Calla Henkel & Max Pitegoff
Calla Henkel et Max Pitegoff : « La fiction consiste à donner un sens à ce que nous ne pouvons contrôler. »
La capacité de stockage de nos téléphones explose. Trop d’images floues, de notes éparses, de captures d’écran que l’on ne regardera pas. Alors, on paye pour un forfait de stockage supérieur et on se contente de passer à autre chose. Tous ces pense-bêtes empêchent de saisir et de sentir clairement une cohérence, une progression, peut-être même une émotion enfouie, voire une direction qui ferait sens. On dit souvent que l’histoire s’accélère et file le tournis, mais peut-être est-ce simplement notre mémoire externalisée qui, de plus en plus souvent, déraille.

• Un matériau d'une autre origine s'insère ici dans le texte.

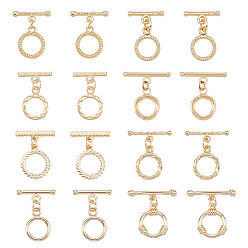 Light Gold 16 шт. 8 стили стойки с латунными застежками-переключателями, долговечный, кольцо смешанной формы, золотой свет, Кольцо: 13.5~16.5x10~13x1.5~3 mm, отверстие : 1.4~2.4 мм, бар: 14.5~24x4.5~6x1.2~3 mm, отверстие : 1.4~2.4 мм, 2 шт / стиль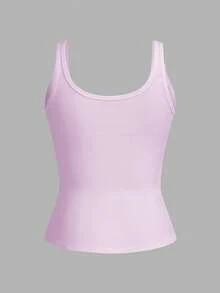 SHEIN PETITE Casual All-Match White Cami Top With Deep U-Neck And Racerback - Mauve Purple - View 10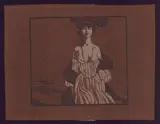 Aleardo Terzi, Armonia lunare, 1905, Two-color woodcut on brown paper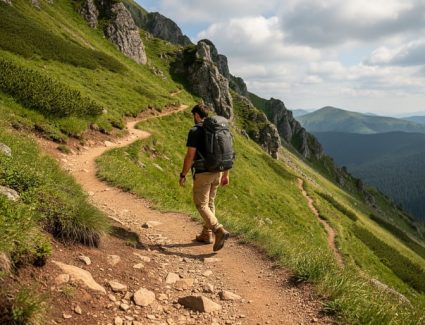 “Hiker walking up a steep mountain trail where switchbacks form a zig-zag across the hillside.”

Depuis une quinzaine d’années, le duo d’artistes Calla Henkel et Max Pitegoff mène une œuvre personnelle, perspicace et généreuse autour de ces enjeux terriblement actuels : la documentation, la mémoire, l’industrie de la tech et les pratiques collectives. Né·es respectivement en 1988 et en 1987 aux États-Unis, les artistes fondent des lieux d’échange fonctionnels pour leurs pairs d’où sourdent des récits et des ragots qui finissent par se solidifier en textes, pièces de théâtre ou films. À Berlin, où ils s’expatrient en 2009, ces structures ont pris la forme du bar illégal Times Bar (cofondé avec l’artiste Lindsay Lawson, 2011-2012), du théâtre amateur New Theater (2013-2015) ou encore du second bar et plateau de tournage TV Bar (2019-2022).

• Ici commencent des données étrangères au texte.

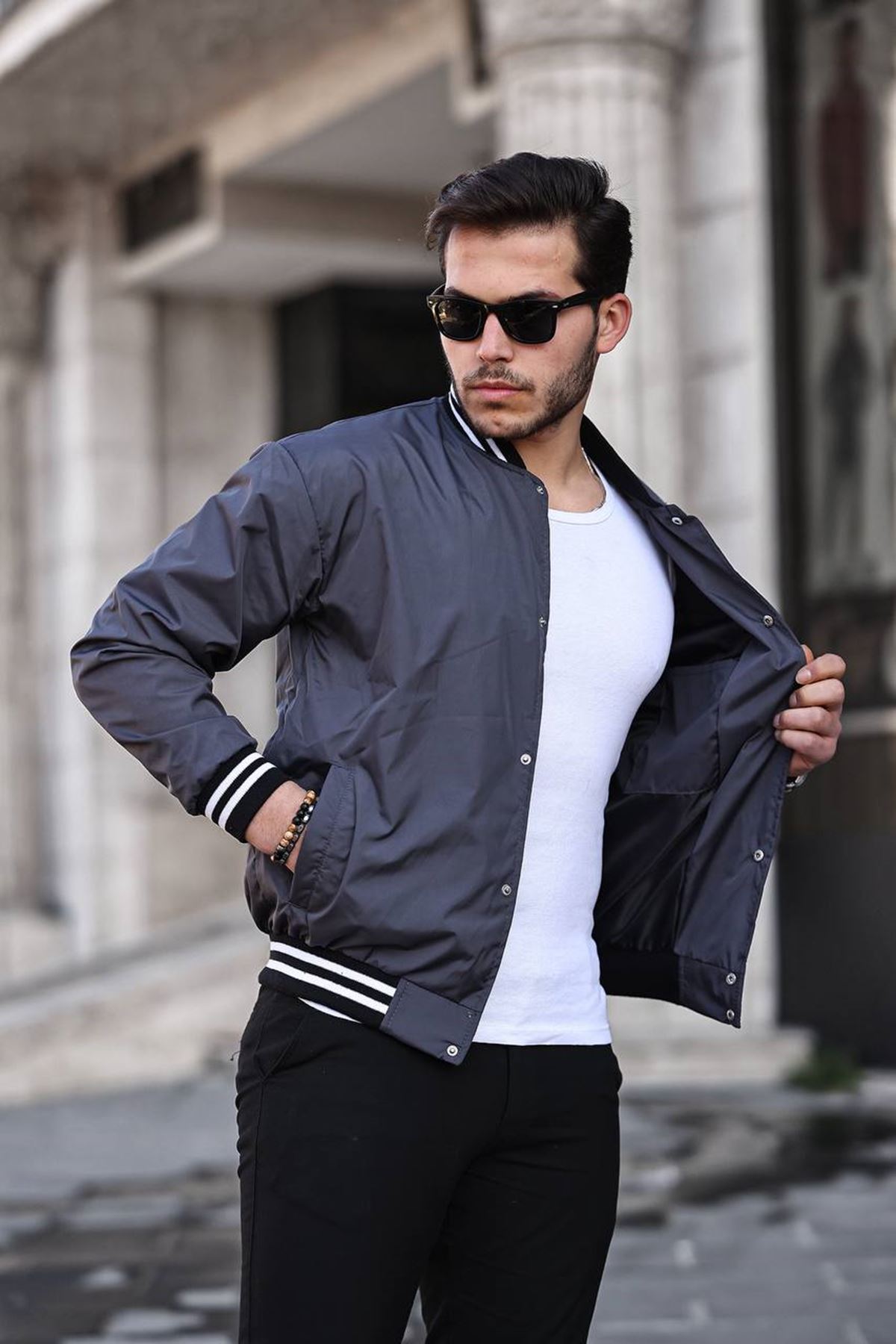 Erkek Baskılı Çıtçıtlı Füme Kolej Rüzgarlık & Yağmurluk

Alors que les années 20 s’amorçaient poussivement, le duo retraversait l’Atlantique. Calla Henkel devenait l’autrice de deux romans à succès, Other People’s Clothes (2021) [traduit en français1] et Scrap (2024), que la plupart avaleront comme des thrillers haletants, et qu’une poignée d’autres avalera comme les récits possibles d’une certaine scène artistique berlinoise observée de l’intérieur. Depuis 2024, Calla Henkel et Max Pitegoff gèrent le théâtre New Theater Hollywood à Los Angeles, tandis que leur première monographie German Theater 2010-20222 a vu le jour un peu plus tôt cette même année. Ils reviennent avec nous sur la genèse et les enjeux de leur pratique. Peut-être, alors, est-ce notre rapport à la fiction plutôt qu’aux faits qui est à réévaluer.

Times Bar, 2012.
Courtesy the artists and Galerie
Isabella Bortolozzi, Berlin.

Times Bar, 2012.
Courtesy the artists and Galerie
Isabella Bortolozzi, Berlin.
Vous vous êtes rencontré·es lorsque vous étiez étudiant·es à Cooper Union à New York. Quelle était alors votre pratique et comment avez-vous décidé de travailler en duo ?

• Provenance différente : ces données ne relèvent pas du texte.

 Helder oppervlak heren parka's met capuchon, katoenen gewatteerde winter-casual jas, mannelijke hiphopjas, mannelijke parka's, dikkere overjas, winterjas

Max Pitegoff – Nous avons commencé à travailler ensemble par la photographie et c’est resté un fil rouge de notre pratique. Nous partagions un intérêt pour la performance, son aspect social et sa documentation en particulier : comment capturer quelque chose sans que cela se réduise à l’image unique et aléatoire qui reste après un événement ? Lorsque nous étions étudiant·es, nous partagions un appareil photo, cette pratique rendait incertain·e l’identité de l’auteur·ice du cliché. Ensuite, nous avons commencé à développer nos propres performances et nous les avons documentées.
Étudier à Cooper Union a modelé notre relation à la collaboration. On y percevait les ombres portées d’autres collectifs d’artistes et de leurs manières de travailler. Par exemple, les membres de Bruce High Quality Foundation [formé en 2004] avaient été étudiant·es à l’école cinq ans avant nous environ et connaissaient un grand succès marchand au moment où nous y étions. De nombreux ami·es ont été embauché·es par leur studio immédiatement après leur diplôme. Dix ans plus tôt, il y avait eu Art Club 2000 [1992-1999], et Patterson Beckwith avait été l’un de nos premiers professeurs de photographie. Doug Ashford, qui avait fait partie de Group Material [1979-1996] avec Julie Ault et Félix González-Torres, était aussi l’un de nos enseignants. C’était dans l’air du temps et cela a préparé le terrain pour nous. On nous apprenait le langage du travail en collectif et, simultanément, nous en développions notre propre version.
Calla est partie étudier à l’étranger à Berlin. Après avoir connu le New York financiarisé du milieu des années 2000, Berlin se présentait comme une alternative. C’était en 2009, et il y régnait un sentiment utopique. C’était un endroit où les gens avaient le temps d’expérimenter, de traîner tard la nuit et donc de rejoindre nos performances sociales de grande envergure.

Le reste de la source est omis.